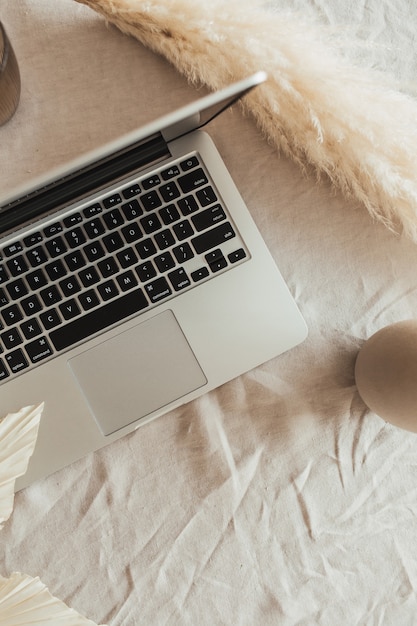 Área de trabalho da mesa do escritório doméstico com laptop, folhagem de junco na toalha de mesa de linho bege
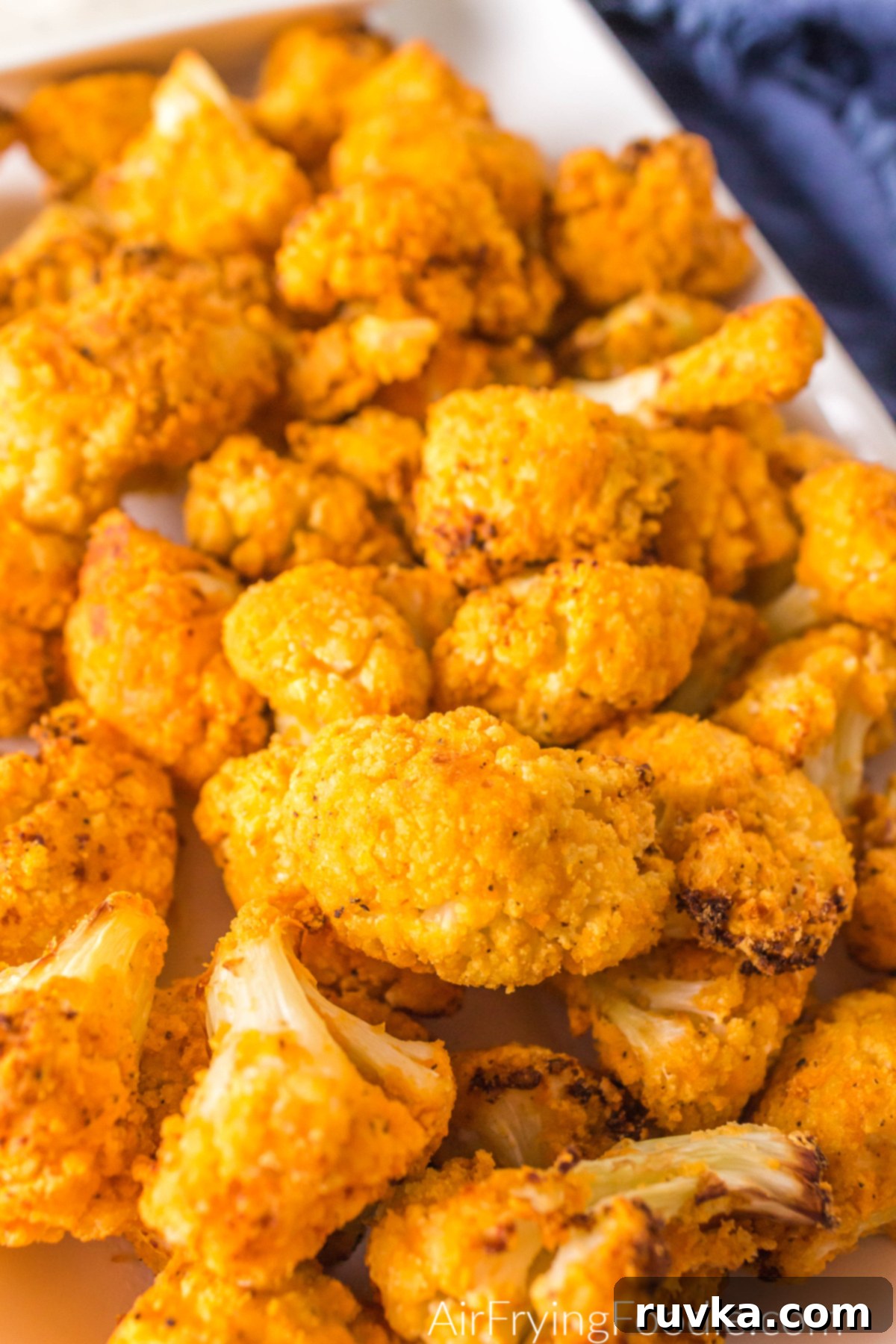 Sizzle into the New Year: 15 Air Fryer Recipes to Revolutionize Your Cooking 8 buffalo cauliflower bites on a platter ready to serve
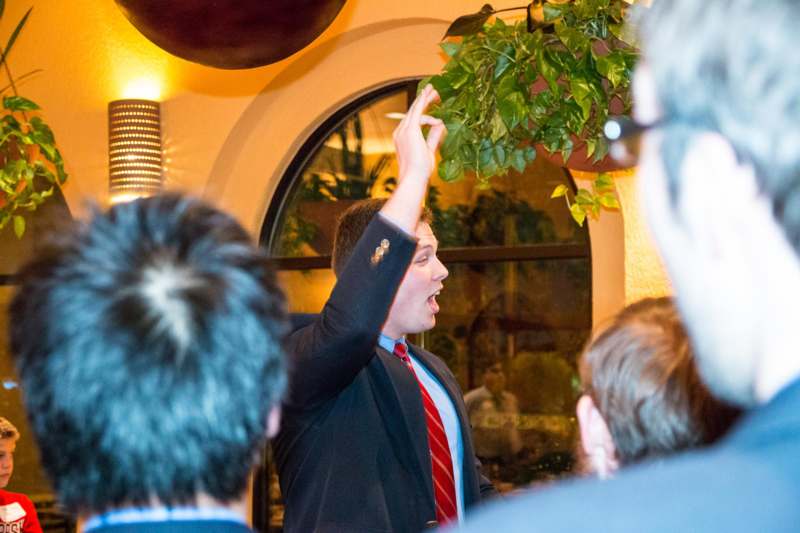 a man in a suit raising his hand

---

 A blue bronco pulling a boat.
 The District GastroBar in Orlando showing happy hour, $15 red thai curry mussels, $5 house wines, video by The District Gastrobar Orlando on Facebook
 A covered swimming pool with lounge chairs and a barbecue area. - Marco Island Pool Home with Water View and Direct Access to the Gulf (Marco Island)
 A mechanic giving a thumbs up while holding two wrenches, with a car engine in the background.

* **PROBLEM REQUIREMENTS**
Go to the line above that has "Área de trabalho" and copy exactly from there down to the line that has "a man in a suit raising his hand", both included. Leave the pictures out.

* **EXERCISE OUTPUT**
 Área de trabalho da mesa do escritório doméstico com laptop, folhagem de junco na toalha de mesa de linho bege
 Sizzle into the New Year: 15 Air Fryer Recipes to Revolutionize Your Cooking 8 buffalo cauliflower bites on a platter ready to serve
 a man in a suit raising his hand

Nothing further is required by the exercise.